I'm happy to transfer my data so you can take a look at it. I just looked
at only 3 subjects and I get the same effect. I could transfer those
instead of the entire group if you want.
Let me know.
Thanks,
Ana


>
> Makoto
>
>
> 2013/4/10 Ana Navarro Cebrian <anavarrocebrian at gmail.com>
>
>> >Currently this is not supported. I see how to do it though.
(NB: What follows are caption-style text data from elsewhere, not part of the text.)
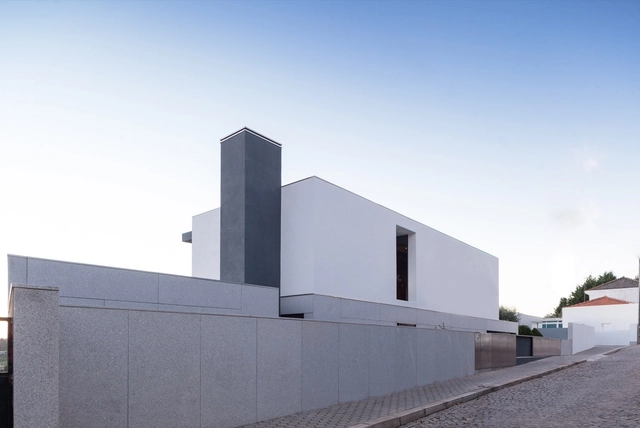 Casa en S. Félix da Marinha  / Nelson Resende - Casas
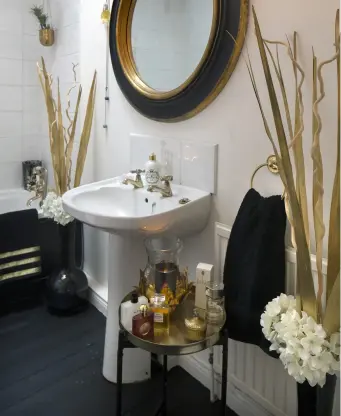  ??  ?? TOP RIGHT: Darina opted for a black and gold colour scheme in the upstairs bathroom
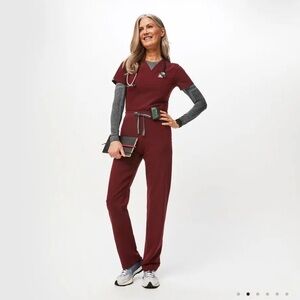 Figs Women's Burgundy Scrub Set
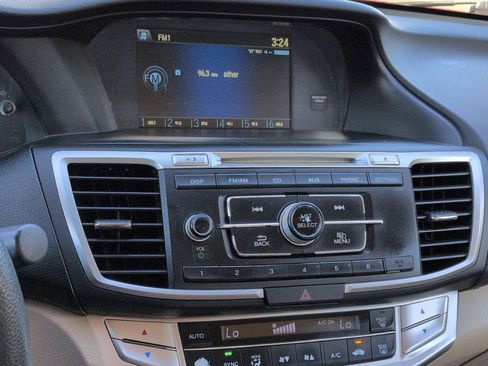 Used 2014 Honda Accord LX image 17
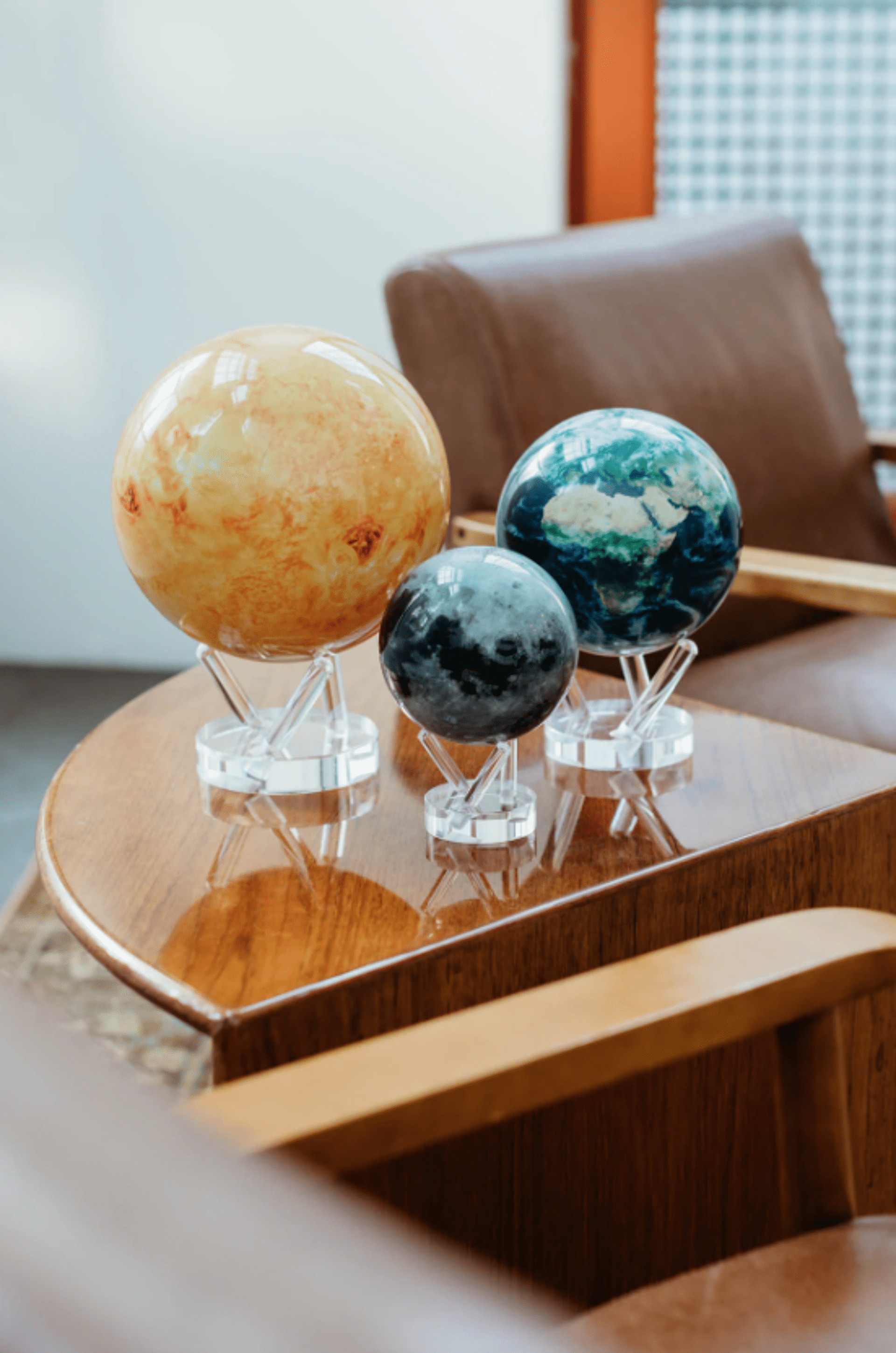 雲が自転する地球儀付きモバアース | 68travel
>> I would suggest that you exclude clusters of non-interest, or specify the
>> clusters to use, so that your outermost envelope is consist of only
>> necessary ones.
>>
>> Thanks Makoto. This is very helpful. I'd still love to be able to choose
>> some channels though; My P300 comes along with an effect of an opposite
>> (negative) signal in the frontal electrodes (I think this happens because I
>> use the average as a reference), and I believe that choosing just some
>> centro-parietal electrodes would give me a better estimate. I'll see if I
>> can try something myself.
>>
>> >-550.46 should be a number of latency. Where does the line (extending
>> from the scalp topos) pointing? Isn't it -550.46 ms? If so, you should
>> limit the latency window to evaluate contribution.
>>
>> It seems to me that the line is pointing at 559 and what I'm talking
>> about says "pvaf: 550.46. I had limited the latency anyway (from 200 to
>> 600ms). Another example is the cluster close to it, which shows "pvaf:
>> -111.61". This one is also pointing at latency ~559ms. I've attached an
>> example of the output I get from std_envtopo.
>>
>> >No, actually pvaf never sums to 100% if you add up each clusters. That
>> means, pvaf(Cls1+Cls2) ~= pvaf(Cls1)+pvaf(Cls2). By the way the default
>> 100% is pvaf(Cls1+Cls2+...ClsN) if you have N number of clusters.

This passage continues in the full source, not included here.